Washing cars, cleaning gutters or sweeping floors are all traditional ways of making a quick buck, but some college students have redefined the meaning of “odd” ways to make cash.
Boston University Junior “Mike Robbins” (not his real name) said he would do anything to make money – be it a lemonade taste test, or collecting cans after his roommate’s wild party.
Over the past year, Robbins, 20, has drunk lemonade for 30 minutes straight, collected cans, and almost gone through with a brain CAT scan just to scrape up enough dough to pay his enormous cell phone bill. He said he is always on the lookout for odd ways to make money since he rarely has any.
“If you can get paid for it, it’s worth doing,” Robbins said. “I would be walking down the street on a Friday night, everybody partying and me just picking up the cans. It was hard, but in the morning I got paid, and they had hangovers.
Joe Stellinga, a University of Iowa senior said he’s scarred for life from donating plasma – the clear, liquid portion of blood – for one semester his junior year.

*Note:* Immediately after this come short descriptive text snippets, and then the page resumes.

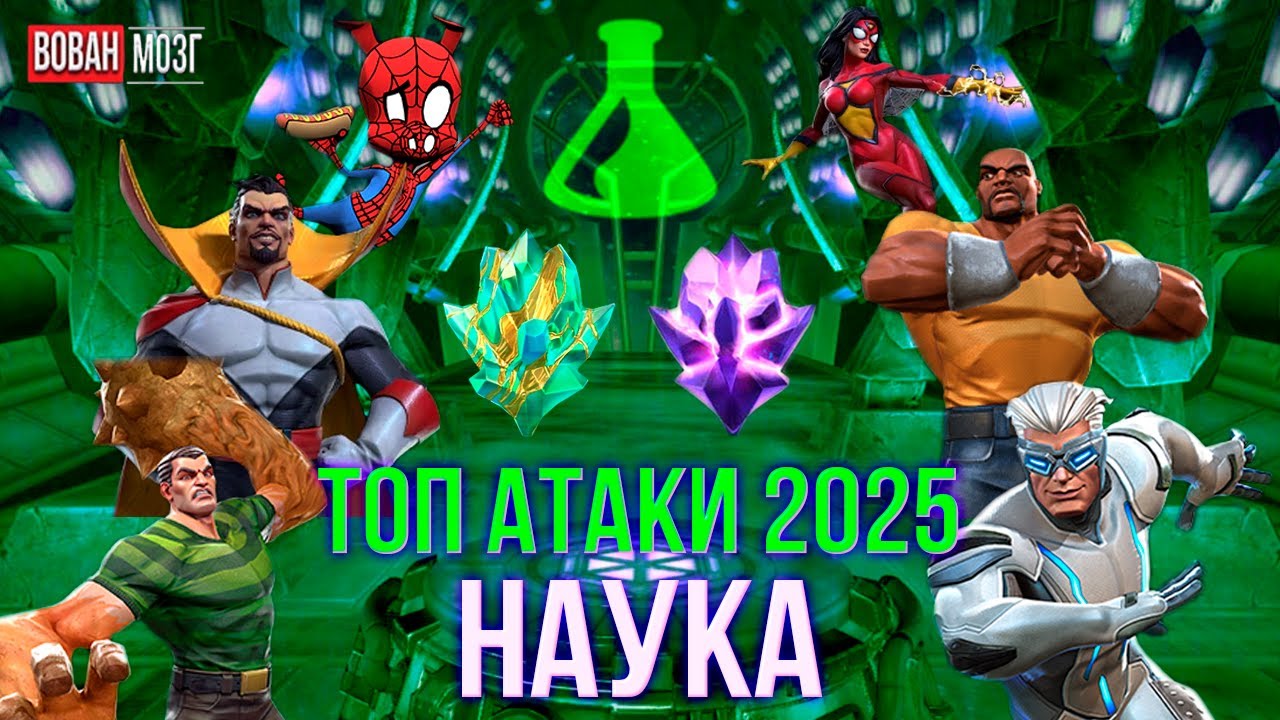 Топ Атаки Класса Наука (2025г.) I Science 2025 I mcoc VovanBrain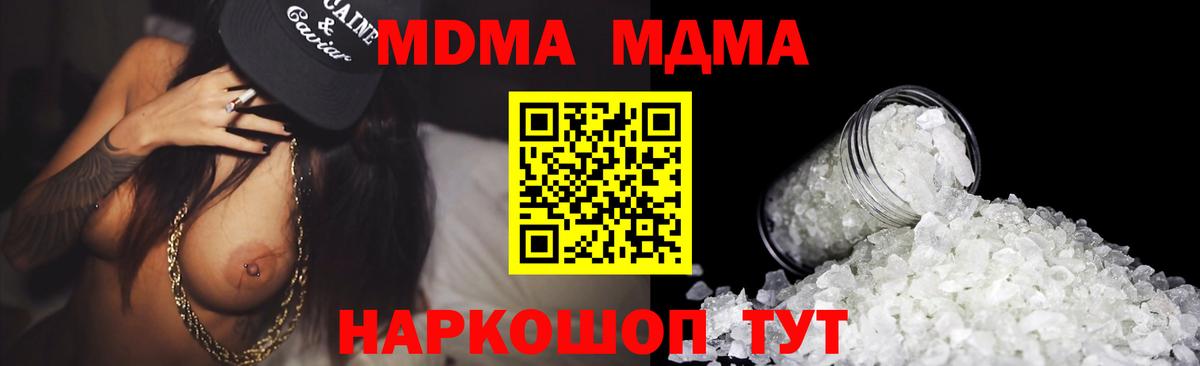 МДМА Molly  MDMA  Балашов  Вход с VPN  МДМА Molly 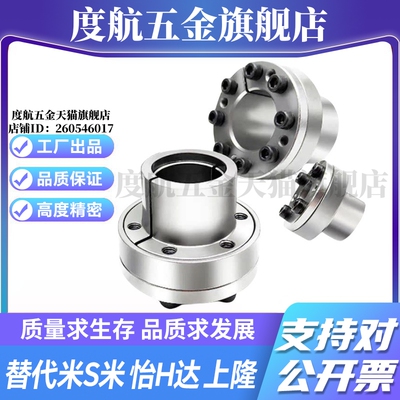 YI合达EUX01-d8/9/10/11/12/14/15/16/17/18/19/20/22/24/25/28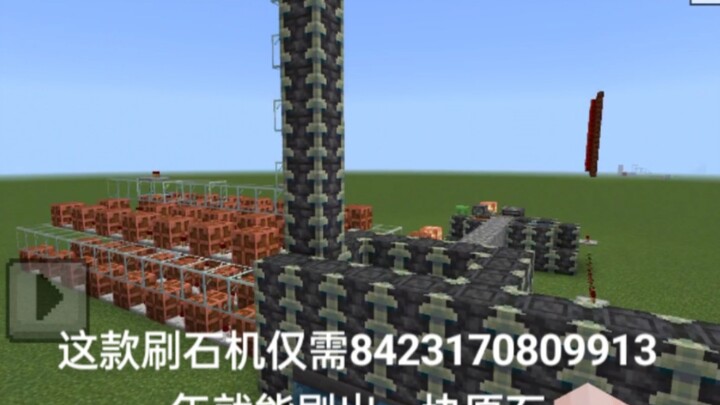 [Công nghệ Xích Thạch] Máy quét đá chỉ cần tám nghìn tỷ năm để quét ra một viên đá tròn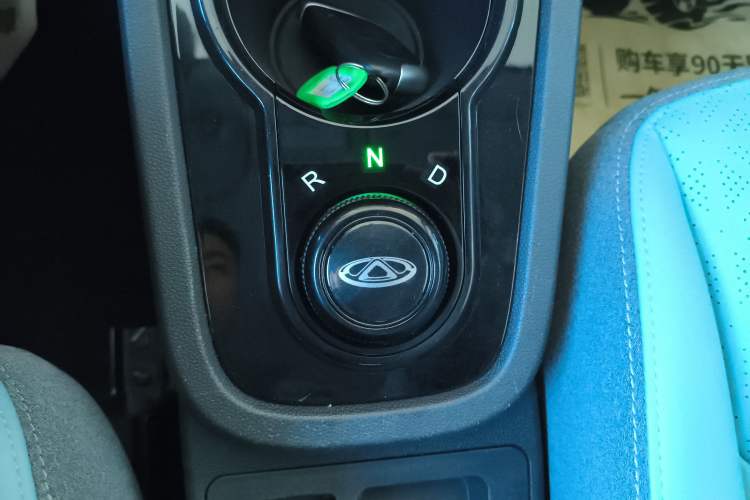 Used Chery Little Ant 2022 Sweet Pink Edition Half-Sugar Version 3-Cell Lithium 30kW 301km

Stellinga, 23, said he made over $1,000 in almost 20 weeks.
“I will have a small scar on my arm forever,” said Stellinga, who went twice a week for two hours to donate. “But it was worth it. I needed the cash.”
Students willing to participate in this should look in their local phone books for plasma donation centers. Plasma is always in demand and donation centers can be found across the country.
Some students are even inspired to work by finding out what others are doing to make money. Across every college and university, students are bound to find those pesky people passing out flyers on their way to class. However, most students just shrug them off and keep walking down the street.
But Ally Weinstock, 20, a junior at Columbia College in Chicago, decided she was fed up with these people. After questioning them about what they were doing out there every day, Weinstock found herself roaming through dormitory halls the next day passing out the exact same flyers.
“All I had to do was get students to fill out credit card applications and I made $80 in under four hours,” said Weinstock, adding that students were enticed to fill out the applications since she gave them free phone cards, t-shirts and calculators provided by the credit card company. “It was quick money and that’s what I like.”
Quick money does not always come so easy, however. Sometimes students will find themselves participating in dirty work, because that’s all they can find.
Such is the case with David Olefsky, a 21-year-old senior at the University of Illinois. He decided to put on some rubber gloves, hold his nose, and become a dishwasher for two weeks at his fraternity. By doing this, he made $90 in cash every two weeks.
“It was gross and disgusting work,” Olefsky said. “But I got paid.”